Action item: Nothing may be dropped or altered: reproduce all the data.

Given data:

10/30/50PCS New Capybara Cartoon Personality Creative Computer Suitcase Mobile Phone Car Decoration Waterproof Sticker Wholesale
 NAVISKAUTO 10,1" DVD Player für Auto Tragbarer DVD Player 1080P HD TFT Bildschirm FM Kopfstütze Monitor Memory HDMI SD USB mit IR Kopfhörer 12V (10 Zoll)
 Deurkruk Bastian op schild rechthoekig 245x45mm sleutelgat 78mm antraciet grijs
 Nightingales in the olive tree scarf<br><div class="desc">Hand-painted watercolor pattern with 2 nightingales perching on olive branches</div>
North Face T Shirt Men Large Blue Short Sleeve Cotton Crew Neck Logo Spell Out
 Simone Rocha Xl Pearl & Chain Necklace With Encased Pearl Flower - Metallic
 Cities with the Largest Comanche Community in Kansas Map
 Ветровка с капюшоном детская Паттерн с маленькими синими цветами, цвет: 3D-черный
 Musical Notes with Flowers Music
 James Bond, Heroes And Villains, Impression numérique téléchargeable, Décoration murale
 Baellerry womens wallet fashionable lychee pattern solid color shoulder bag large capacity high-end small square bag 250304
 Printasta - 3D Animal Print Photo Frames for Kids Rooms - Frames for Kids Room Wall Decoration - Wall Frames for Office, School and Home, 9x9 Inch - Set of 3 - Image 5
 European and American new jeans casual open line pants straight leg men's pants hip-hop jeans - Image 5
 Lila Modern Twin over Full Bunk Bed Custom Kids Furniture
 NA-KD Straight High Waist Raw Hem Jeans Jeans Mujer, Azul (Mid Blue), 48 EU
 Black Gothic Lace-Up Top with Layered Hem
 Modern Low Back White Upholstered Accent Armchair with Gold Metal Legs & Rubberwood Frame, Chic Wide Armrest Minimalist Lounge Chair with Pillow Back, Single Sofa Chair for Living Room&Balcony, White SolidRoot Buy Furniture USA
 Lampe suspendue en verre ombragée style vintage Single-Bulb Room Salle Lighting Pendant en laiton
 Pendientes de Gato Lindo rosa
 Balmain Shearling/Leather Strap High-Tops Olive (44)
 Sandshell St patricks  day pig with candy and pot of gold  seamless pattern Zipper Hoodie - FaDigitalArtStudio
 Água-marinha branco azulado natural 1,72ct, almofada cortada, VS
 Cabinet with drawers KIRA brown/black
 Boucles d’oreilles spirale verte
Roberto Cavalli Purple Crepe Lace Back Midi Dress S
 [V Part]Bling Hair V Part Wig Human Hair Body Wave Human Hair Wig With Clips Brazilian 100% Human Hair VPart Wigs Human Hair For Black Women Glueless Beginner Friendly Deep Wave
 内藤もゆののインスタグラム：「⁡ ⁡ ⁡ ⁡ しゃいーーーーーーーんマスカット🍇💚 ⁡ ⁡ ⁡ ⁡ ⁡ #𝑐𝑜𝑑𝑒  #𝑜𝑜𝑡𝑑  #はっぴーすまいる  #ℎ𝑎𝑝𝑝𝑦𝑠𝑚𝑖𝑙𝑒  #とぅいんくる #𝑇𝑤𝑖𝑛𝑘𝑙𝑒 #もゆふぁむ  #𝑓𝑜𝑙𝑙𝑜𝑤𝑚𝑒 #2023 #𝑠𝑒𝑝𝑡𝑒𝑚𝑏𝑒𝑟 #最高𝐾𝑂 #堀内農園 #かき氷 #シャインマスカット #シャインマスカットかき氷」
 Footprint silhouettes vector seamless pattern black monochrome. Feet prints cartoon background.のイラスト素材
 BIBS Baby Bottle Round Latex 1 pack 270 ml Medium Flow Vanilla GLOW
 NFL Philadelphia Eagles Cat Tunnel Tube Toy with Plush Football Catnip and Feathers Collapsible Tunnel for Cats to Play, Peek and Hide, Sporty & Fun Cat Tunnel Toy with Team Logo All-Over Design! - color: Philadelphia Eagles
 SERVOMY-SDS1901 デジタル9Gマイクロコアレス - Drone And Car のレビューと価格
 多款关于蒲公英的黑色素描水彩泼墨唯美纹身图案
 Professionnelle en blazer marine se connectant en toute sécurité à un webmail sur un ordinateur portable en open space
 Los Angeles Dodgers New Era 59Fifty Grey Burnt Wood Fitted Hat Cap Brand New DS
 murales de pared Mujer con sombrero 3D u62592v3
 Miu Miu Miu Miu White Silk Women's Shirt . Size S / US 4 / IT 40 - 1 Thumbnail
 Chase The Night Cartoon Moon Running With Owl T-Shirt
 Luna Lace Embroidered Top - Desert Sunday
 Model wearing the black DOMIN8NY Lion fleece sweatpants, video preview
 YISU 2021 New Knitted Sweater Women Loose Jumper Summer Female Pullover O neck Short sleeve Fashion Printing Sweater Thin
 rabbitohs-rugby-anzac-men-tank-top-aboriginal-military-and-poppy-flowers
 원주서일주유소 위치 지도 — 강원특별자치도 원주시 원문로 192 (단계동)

Answer for this exercise:
10/30/50PCS New Capybara Cartoon Personality Creative Computer Suitcase Mobile Phone Car Decoration Waterproof Sticker Wholesale
 NAVISKAUTO 10,1" DVD Player für Auto Tragbarer DVD Player 1080P HD TFT Bildschirm FM Kopfstütze Monitor Memory HDMI SD USB mit IR Kopfhörer 12V (10 Zoll)
 Deurkruk Bastian op schild rechthoekig 245x45mm sleutelgat 78mm antraciet grijs
 Nightingales in the olive tree scarf<br><div class="desc">Hand-painted watercolor pattern with 2 nightingales perching on olive branches</div>
North Face T Shirt Men Large Blue Short Sleeve Cotton Crew Neck Logo Spell Out
 Simone Rocha Xl Pearl & Chain Necklace With Encased Pearl Flower - Metallic
 Cities with the Largest Comanche Community in Kansas Map
 Ветровка с капюшоном детская Паттерн с маленькими синими цветами, цвет: 3D-черный
 Musical Notes with Flowers Music
 James Bond, Heroes And Villains, Impression numérique téléchargeable, Décoration murale
 Baellerry womens wallet fashionable lychee pattern solid color shoulder bag large capacity high-end small square bag 250304
 Printasta - 3D Animal Print Photo Frames for Kids Rooms - Frames for Kids Room Wall Decoration - Wall Frames for Office, School and Home, 9x9 Inch - Set of 3 - Image 5
 European and American new jeans casual open line pants straight leg men's pants hip-hop jeans - Image 5
 Lila Modern Twin over Full Bunk Bed Custom Kids Furniture
 NA-KD Straight High Waist Raw Hem Jeans Jeans Mujer, Azul (Mid Blue), 48 EU
 Black Gothic Lace-Up Top with Layered Hem
 Modern Low Back White Upholstered Accent Armchair with Gold Metal Legs & Rubberwood Frame, Chic Wide Armrest Minimalist Lounge Chair with Pillow Back, Single Sofa Chair for Living Room&Balcony, White SolidRoot Buy Furniture USA
 Lampe suspendue en verre ombragée style vintage Single-Bulb Room Salle Lighting Pendant en laiton
 Pendientes de Gato Lindo rosa
 Balmain Shearling/Leather Strap High-Tops Olive (44)
 Sandshell St patricks  day pig with candy and pot of gold  seamless pattern Zipper Hoodie - FaDigitalArtStudio
 Água-marinha branco azulado natural 1,72ct, almofada cortada, VS
 Cabinet with drawers KIRA brown/black
 Boucles d’oreilles spirale verte
Roberto Cavalli Purple Crepe Lace Back Midi Dress S
 [V Part]Bling Hair V Part Wig Human Hair Body Wave Human Hair Wig With Clips Brazilian 100% Human Hair VPart Wigs Human Hair For Black Women Glueless Beginner Friendly Deep Wave
 内藤もゆののインスタグラム：「⁡ ⁡ ⁡ ⁡ しゃいーーーーーーーんマスカット🍇💚 ⁡ ⁡ ⁡ ⁡ ⁡ #𝑐𝑜𝑑𝑒  #𝑜𝑜𝑡𝑑  #はっぴーすまいる  #ℎ𝑎𝑝𝑝𝑦𝑠𝑚𝑖𝑙𝑒  #とぅいんくる #𝑇𝑤𝑖𝑛𝑘𝑙𝑒 #もゆふぁむ  #𝑓𝑜𝑙𝑙𝑜𝑤𝑚𝑒 #2023 #𝑠𝑒𝑝𝑡𝑒𝑚𝑏𝑒𝑟 #最高𝐾𝑂 #堀内農園 #かき氷 #シャインマスカット #シャインマスカットかき氷」
 Footprint silhouettes vector seamless pattern black monochrome. Feet prints cartoon background.のイラスト素材
 BIBS Baby Bottle Round Latex 1 pack 270 ml Medium Flow Vanilla GLOW
 NFL Philadelphia Eagles Cat Tunnel Tube Toy with Plush Football Catnip and Feathers Collapsible Tunnel for Cats to Play, Peek and Hide, Sporty & Fun Cat Tunnel Toy with Team Logo All-Over Design! - color: Philadelphia Eagles
 SERVOMY-SDS1901 デジタル9Gマイクロコアレス - Drone And Car のレビューと価格
 多款关于蒲公英的黑色素描水彩泼墨唯美纹身图案
 Professionnelle en blazer marine se connectant en toute sécurité à un webmail sur un ordinateur portable en open space
 Los Angeles Dodgers New Era 59Fifty Grey Burnt Wood Fitted Hat Cap Brand New DS
 murales de pared Mujer con sombrero 3D u62592v3
 Miu Miu Miu Miu White Silk Women's Shirt . Size S / US 4 / IT 40 - 1 Thumbnail
 Chase The Night Cartoon Moon Running With Owl T-Shirt
 Luna Lace Embroidered Top - Desert Sunday
 Model wearing the black DOMIN8NY Lion fleece sweatpants, video preview
 YISU 2021 New Knitted Sweater Women Loose Jumper Summer Female Pullover O neck Short sleeve Fashion Printing Sweater Thin
 rabbitohs-rugby-anzac-men-tank-top-aboriginal-military-and-poppy-flowers
 원주서일주유소 위치 지도 — 강원특별자치도 원주시 원문로 192 (단계동)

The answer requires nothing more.